Salomon: He who first praises a good book becomingly is next in merit to the author.
That sentence, “you were the first in commending my tragedies,” has a genuine ring, it is life-like. Had Landor any real ground for believing that a certain Florentine Jew named Salomon or Solomon was the first to recognize Alfieri’s genius for tragedy? It is an interesting fact, if it be a fact. Even so, it has its curious side. Alfieri (1749-1803) was a prolific writer of plays, but the best of his tragedies—and his tragedies as a whole were superior to his comedies—was not his Brutus. It is queer that the Jew should forget which was the best. It was certainly Alfieri’s Saul, published in October, 1784. It won more success than any other of his dramas. His “severe and unadorned manner” was peculiarly adapted to the rugged simplicity of the characters which are presented in Saul. The drama deals with the last day of the king, the scene being laid in the Israelite camp on mount Gilboa. There are only six characters: Saul, Gionata (Jonathan), David, Micol, Abner, Achimelech, with stage armies of “soldati israeliti” and “soldati filistei.” Apart from the subtle contrasts between David the warrior and David the minstrel, the finest thing in the play is the management of Saul’s insanity. Indeed, it has been truly said of Alfieri: “In the representation of that species of mental alienation, where the judgment has perished but traces of character still remain, he is peculiarly happy.”

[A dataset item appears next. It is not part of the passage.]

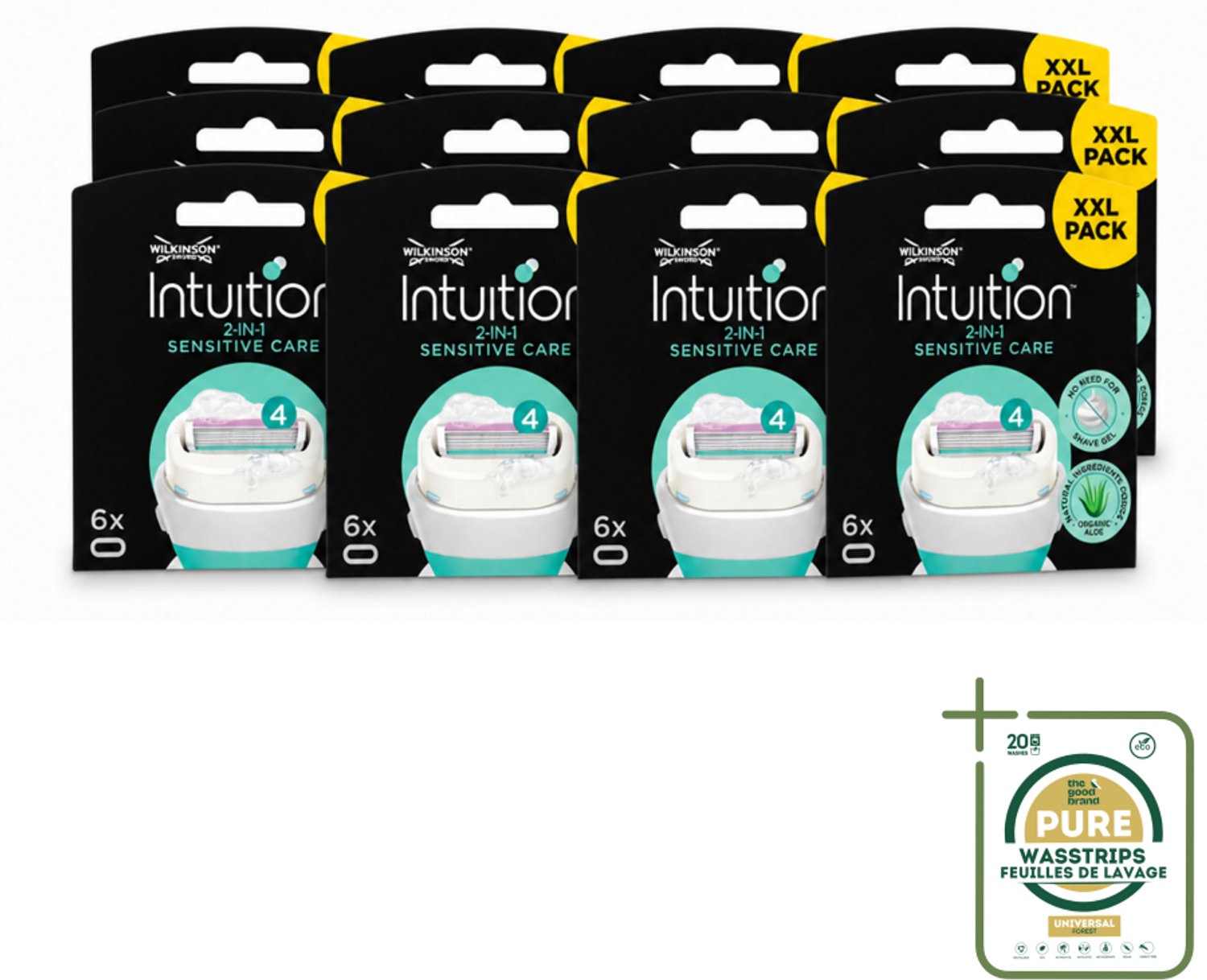 12 x Wilkinson Intuition - Navulmesjes - 2 in 1 Sensitive Care - Voor Gevoelige Huid - 6 mesjes - Gevoelige Huid - Scheren Voor Gevoelige Huid - Navulmesjes - 2 In 1 Scheersysteem - Schuimende Huidconditioner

Another poet who was in Florence with Landor also chose the subject of Saul for one of his most dramatic efforts. I refer to Robert Browning, who had intellectually much in common with Landor, though his temperament and philosophy of life were quite other. Landor ignored Alfieri’s Saul, Browning imitated it. Earlier, in 1820, Joseph Ephrathi, no doubt instigated by Alfieri’s success, produced a Hebrew drama with Saul as hero. Gutzkow later on wrote a tragedy on the subject. Another who treated of the topic was Byron. He had no likeness to Landor, but was not dissimilar to Alfieri; both were aristocrats, both pretended to cynicism, both were versatile authors, both squanderers of a great opportunity. It is strange that it was left to Alfieri to detect the dramatic possibilities in the tragedy of Saul. Handel’s exploitation of the theme was, naturally, musical rather than dramatic. In the new freedom of the English stage we shall, no doubt, soon have plays and to spare on the subject. Landor, as we have seen, makes no use whatever of biblical personages for his dialogues. But English poetry has not done ill with Saul’s memory. Sir Philip Sydney, or one of his age, gave us as beautiful a rendering as we need wish of David’s elegy over Saul and Jonathan. What could be more lovely than
Pleasant they were in life, and fair,
Nor yet did death their love divide.
or than
Ah! Jonathan, my brother! lorn
And friendless I must look to be!—
That heart whose woe thou oft hast borne
Is sore and stricken now for thee!
Young bridegroom’s love on bridal morn,
Oh! it was light to thine for me;
Thy timeless lot I now must plain,
Even on thine own high places slain!
How lowly now the mighty are,
How still the weapons of the war!
We have got rather far from Landor. Yet I cannot but think that the best thought suggested by his Alfieri and Salomon is just Alfieri’s Saul, to which the parties to the “imaginary conversation” make no allusion.